|Title: Calculation of the Seakeeping Behaviour of a Jack-Up Vessel During the Jacking Sequence in Time Domain.
|Written by: Maximilian Liebert
|in: <em>ISOPE, Shanghai, China</em>. (2020).
Abstract: Offshore wind farms play a decisive role in the exit from fossil-fuel energy in Germany. These offshore wind turbines are oftentimes installed with jack-up vessels. At the site of operation these vessels lift their hull above the water surface by extending their jacking legs. The vessel´s seaway-induced motions at the moment of initial contact between leg and seabed define the critical dynamic structural loads onto the legs and the jacking mechanism, which have to be minimised. Therefore, an analysis of the seakeeping behaviour during the sensitive jacking sequence is required in the early design stage in order to define the vessel´s operational limits of sea state. The ship design environment E4 is an open software framework, being developed by the Institute of Ship Design and Ship Safety, which provides various methods for the dynamic analysis of a digital twin of the actual ship.
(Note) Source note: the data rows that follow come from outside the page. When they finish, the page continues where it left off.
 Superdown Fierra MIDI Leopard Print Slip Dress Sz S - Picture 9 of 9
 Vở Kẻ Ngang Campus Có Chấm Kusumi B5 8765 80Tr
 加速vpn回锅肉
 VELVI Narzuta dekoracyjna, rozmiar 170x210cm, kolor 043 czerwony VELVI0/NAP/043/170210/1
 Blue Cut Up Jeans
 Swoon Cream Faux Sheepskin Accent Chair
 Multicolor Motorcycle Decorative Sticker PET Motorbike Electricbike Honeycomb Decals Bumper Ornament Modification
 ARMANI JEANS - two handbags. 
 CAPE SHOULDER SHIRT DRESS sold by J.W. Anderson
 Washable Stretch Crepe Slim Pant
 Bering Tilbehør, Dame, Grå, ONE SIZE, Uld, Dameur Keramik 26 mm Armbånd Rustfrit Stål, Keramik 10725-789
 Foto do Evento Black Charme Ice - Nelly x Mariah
However, these methods are restricted to conventional ship-type structures whereas the analysis of the seakeeping behaviour during the jack-up process further requires a consideration of the jacking legs´ hydrodynamic influence. For a holistic analysis of the seakeeping behaviour, the forces onto the legs were thus accounted for by a Morison approach in the calculation of the required response amplitude operators. This paper presents the calculation of the vessel´s seakeeping behaviour in irregular waves in time domain on the basis of these modified RAOs. The applied method calculates the vessel´s response motions in six degrees of freedom. Since the roll motion tends to show the largest response amplitudes in a seaway this degree of freedom is calculated in a non-linear way with respect to the wave amplitude and the roll angle by solving its equation of motion. The motions in the residual degrees of freedom are calculated from the underlying linear response amplitude operators. The achieved results are validated by model tests of a jack-up vessel with extended legs in irregular long-crested waves. This extended method represents a quick computational tool for early design applications in order to determine limiting sea states for the jacking sequence, which is a major design aspect of such ships.